- _What the task asks_
In the entries that follow, find the line containing "An aerial view" and the line containing "An offroad car", then retype exactly the lines from the first through the second, pictures excluded.

- _The data_
········
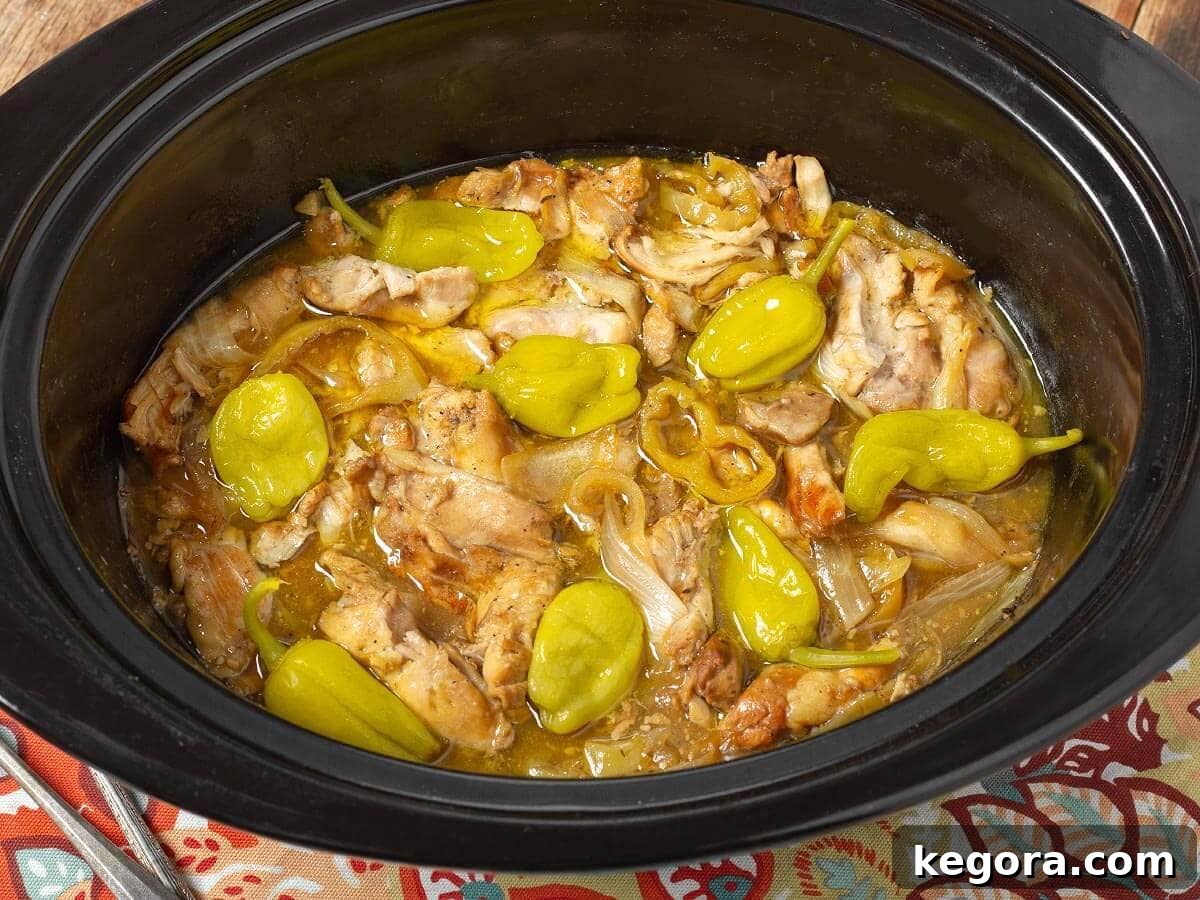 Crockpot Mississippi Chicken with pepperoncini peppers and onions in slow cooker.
········
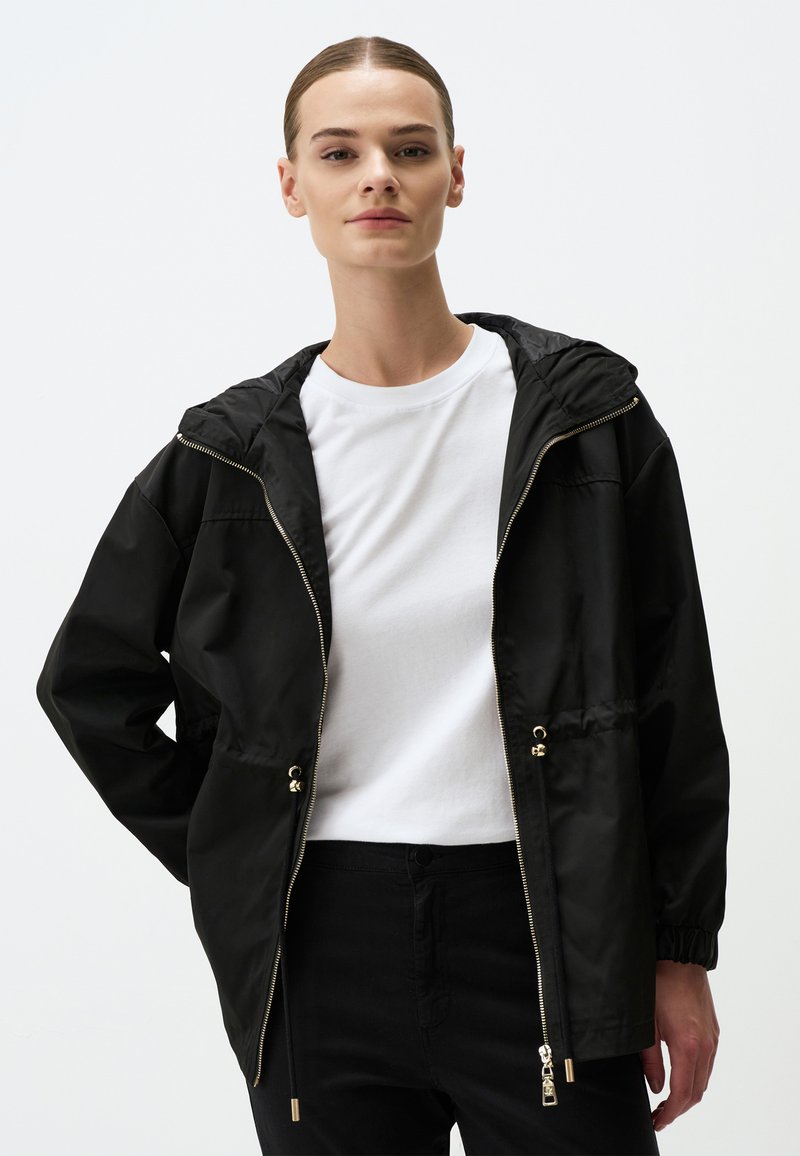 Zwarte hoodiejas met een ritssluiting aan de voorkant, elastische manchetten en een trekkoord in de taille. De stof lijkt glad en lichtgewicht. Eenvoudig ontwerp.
········
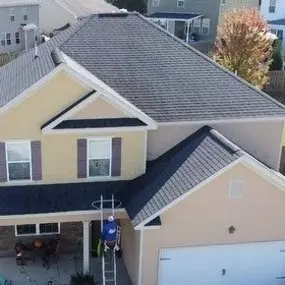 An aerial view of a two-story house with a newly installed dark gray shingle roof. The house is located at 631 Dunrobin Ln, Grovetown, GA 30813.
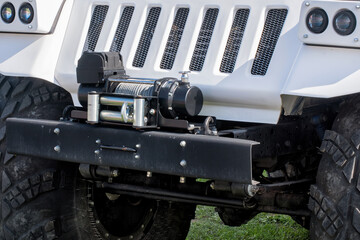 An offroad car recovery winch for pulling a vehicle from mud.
········
- _Result_
 An aerial view of a two-story house with a newly installed dark gray shingle roof. The house is located at 631 Dunrobin Ln, Grovetown, GA 30813.
 An offroad car recovery winch for pulling a vehicle from mud.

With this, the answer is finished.